Many of the contributors to First Things are high-profile academics
situated in our most distinguished private and public universities,
and it is clear from their commentaries that they see no bright line
dividing their religious lives from the lives they pursue as teachers
and scholars.
Following in the wake of Rawls and Neuhaus, any number of theologians,
philosophers, historians, and political theorists have re-examined,
debated, challenged, and at times rejected the premises of liberalism,
whether in the name of religion, or communitarianism, or
multiculturalism.
To the extent that liberalism's structures have been undermined or at
least shaken by these analyses, the perspicuousness and usefulness of
distinctions long assumed -- reason as opposed to faith, evidence as
opposed to revelation, inquiry as opposed to obedience, truth as
opposed to belief -- have been called into question.
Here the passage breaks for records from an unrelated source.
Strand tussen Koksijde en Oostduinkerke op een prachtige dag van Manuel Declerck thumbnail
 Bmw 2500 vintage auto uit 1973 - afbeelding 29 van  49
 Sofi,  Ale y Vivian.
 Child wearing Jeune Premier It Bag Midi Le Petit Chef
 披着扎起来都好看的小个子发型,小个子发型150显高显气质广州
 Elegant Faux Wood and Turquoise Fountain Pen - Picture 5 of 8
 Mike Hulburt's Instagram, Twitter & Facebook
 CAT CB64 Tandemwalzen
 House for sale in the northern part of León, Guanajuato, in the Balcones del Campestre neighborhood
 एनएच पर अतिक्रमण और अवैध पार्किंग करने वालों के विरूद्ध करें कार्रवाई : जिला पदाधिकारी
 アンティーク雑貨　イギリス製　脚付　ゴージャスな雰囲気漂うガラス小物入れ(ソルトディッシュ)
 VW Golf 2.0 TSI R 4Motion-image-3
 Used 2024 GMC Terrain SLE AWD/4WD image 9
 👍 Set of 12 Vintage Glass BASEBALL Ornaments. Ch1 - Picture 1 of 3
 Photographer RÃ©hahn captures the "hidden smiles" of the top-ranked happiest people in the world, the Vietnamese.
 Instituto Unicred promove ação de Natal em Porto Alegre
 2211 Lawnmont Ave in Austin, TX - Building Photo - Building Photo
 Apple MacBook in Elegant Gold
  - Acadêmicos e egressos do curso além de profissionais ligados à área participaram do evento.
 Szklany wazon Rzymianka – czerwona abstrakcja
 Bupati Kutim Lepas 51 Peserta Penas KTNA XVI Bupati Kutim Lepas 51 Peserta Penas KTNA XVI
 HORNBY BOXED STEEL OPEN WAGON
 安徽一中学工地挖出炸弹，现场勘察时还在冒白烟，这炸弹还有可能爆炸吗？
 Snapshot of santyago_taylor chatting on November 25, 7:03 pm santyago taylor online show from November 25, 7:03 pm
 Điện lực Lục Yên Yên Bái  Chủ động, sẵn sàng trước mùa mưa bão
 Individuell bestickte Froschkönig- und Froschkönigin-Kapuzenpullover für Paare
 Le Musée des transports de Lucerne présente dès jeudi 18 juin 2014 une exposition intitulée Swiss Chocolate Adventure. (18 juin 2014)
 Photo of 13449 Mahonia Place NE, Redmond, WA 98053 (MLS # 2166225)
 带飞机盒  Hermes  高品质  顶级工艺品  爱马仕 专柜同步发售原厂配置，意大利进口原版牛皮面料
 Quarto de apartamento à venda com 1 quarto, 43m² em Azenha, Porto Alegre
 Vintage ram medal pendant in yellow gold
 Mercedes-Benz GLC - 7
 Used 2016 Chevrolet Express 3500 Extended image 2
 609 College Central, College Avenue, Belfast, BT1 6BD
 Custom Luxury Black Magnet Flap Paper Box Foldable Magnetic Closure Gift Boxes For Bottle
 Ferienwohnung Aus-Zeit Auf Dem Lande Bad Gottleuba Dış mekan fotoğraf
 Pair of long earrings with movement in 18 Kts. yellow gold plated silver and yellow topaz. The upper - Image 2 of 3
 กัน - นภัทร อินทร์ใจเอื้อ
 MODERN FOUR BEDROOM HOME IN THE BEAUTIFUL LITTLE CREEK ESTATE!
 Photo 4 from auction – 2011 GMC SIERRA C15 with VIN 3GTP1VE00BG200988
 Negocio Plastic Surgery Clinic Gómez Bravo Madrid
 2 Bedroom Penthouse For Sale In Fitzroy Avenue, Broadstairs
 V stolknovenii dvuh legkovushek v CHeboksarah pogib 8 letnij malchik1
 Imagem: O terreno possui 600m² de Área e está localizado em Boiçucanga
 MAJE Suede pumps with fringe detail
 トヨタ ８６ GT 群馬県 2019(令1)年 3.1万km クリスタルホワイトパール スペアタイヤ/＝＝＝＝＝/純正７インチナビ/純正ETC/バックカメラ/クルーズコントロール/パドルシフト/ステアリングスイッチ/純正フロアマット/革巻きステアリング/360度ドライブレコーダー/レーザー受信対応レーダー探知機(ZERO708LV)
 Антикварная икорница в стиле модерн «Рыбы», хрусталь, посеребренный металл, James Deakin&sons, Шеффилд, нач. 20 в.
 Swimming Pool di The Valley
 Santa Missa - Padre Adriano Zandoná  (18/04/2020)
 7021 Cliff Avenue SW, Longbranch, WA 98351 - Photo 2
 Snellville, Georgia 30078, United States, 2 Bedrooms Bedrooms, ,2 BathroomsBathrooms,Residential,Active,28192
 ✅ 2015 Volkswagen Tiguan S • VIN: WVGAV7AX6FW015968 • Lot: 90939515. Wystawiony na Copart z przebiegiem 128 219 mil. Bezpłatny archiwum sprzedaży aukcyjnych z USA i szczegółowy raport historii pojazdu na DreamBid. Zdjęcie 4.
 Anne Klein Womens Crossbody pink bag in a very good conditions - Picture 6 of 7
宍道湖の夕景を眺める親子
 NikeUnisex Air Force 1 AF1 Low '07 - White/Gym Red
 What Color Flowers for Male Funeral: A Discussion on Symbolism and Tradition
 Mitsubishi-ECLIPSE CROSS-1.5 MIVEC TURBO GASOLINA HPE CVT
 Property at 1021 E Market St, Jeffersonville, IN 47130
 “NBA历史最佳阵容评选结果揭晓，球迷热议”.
And finally (and
to return to where we began), the geopolitical events of the past
decade and of the past three years especially have re-alerted us to
the fact that hundreds of millions of people in the world do not
observe the distinction between the private and the public or between
belief and knowledge, and that it is no longer possible for us to
regard such persons as quaintly premodern or as the needy recipients
of our saving (an ironic word) wisdom.
Some of these are our sworn enemies. Some of them are our colleagues.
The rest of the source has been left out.